Monday, June 11, 2012

Our planning

My cousin and I were planning how we would get to our young cousin’s wedding when so many factors are seeming to interfere...and this is her reply...a gem.


Yes, when I think of all we have lived thru, OF COURSE, it will all work out ! :) 

Really, at this stage in my life, I marvel at all the things that have already worked out and then I realize that most of them did not really work out as I had so beautifully planned them, and yet, it's funny, I feel that they still worked out....I tell my kids never to worry if Plan A falls thru, they just have to be nimble and embrace Plan B, and if that falls thru, Plan C isn't so bad either...and at the end of it all, they will find that Plan Z will be the one they find themselves living and that will have been the best plan of all...it is trite, but so true, that it is not the hand that life deals us that will define our life, but rather, our attitude toward that hand and how we choose to play it. 

Sunday, June 3, 2012

To Have Life

I often hear term "....have life."  It is meaningful things happening and it usually happens outside of work.
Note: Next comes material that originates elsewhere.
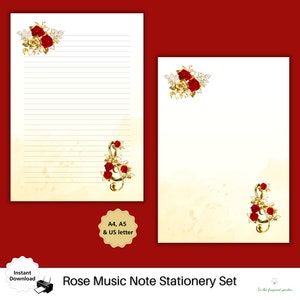 Notes de musique florales Papeterie Papier doublé d'or Notes de roses Papeterie pour enfants à télécharger Bloc-notes Notes Feuilles de musique imprimables Fourniture de bureau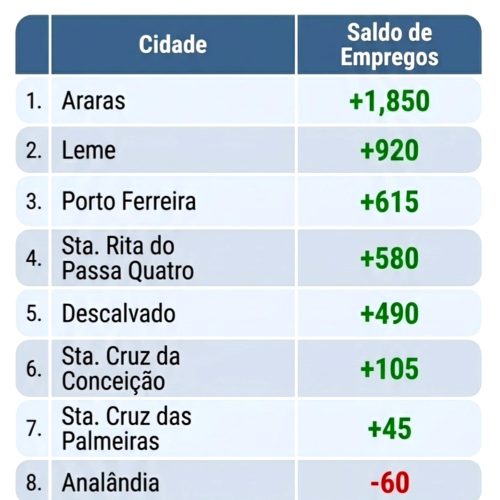 Pirassununga lidera perda de empregos na região em 2026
It is fun and meaningful. Last couple of years I was thinking, my work is part of having life. I am not thinking of work itself. It's the people that I work with.

As I go to different location every day I work with different staff. They come from different walks of life. Some are from middle class with middle class value. Others are from hand to mouth life earning just enough for that day or that week. Some from life of abuse to life of leisure, all have some how found themselves here with me. Of course I go from one town to another daily. Each day as I work and talk with them I try to enter their lives, to understand as they do. I have learned to love so many of the technicians that I work with. Their age and back ground is as diverse as east is to west.

Yesterday I was at a store. Emily came in to store to be with me. It was her day off. She said it was more meaningful to spend time with me, helping me at my work than to stay at home (her husband has passed away). Often I encounter different techs watching out for me or taking care of me and I know that is coming from their love for me.

As I was driving home, I was thinking, I hope to work a long time. Maybe into my seventies and eighties. If I was at home doing what other women in their fifties do, I probably would not be as satisfied. I have life and this life includes my job which includes learning to love others and accepting their love for me.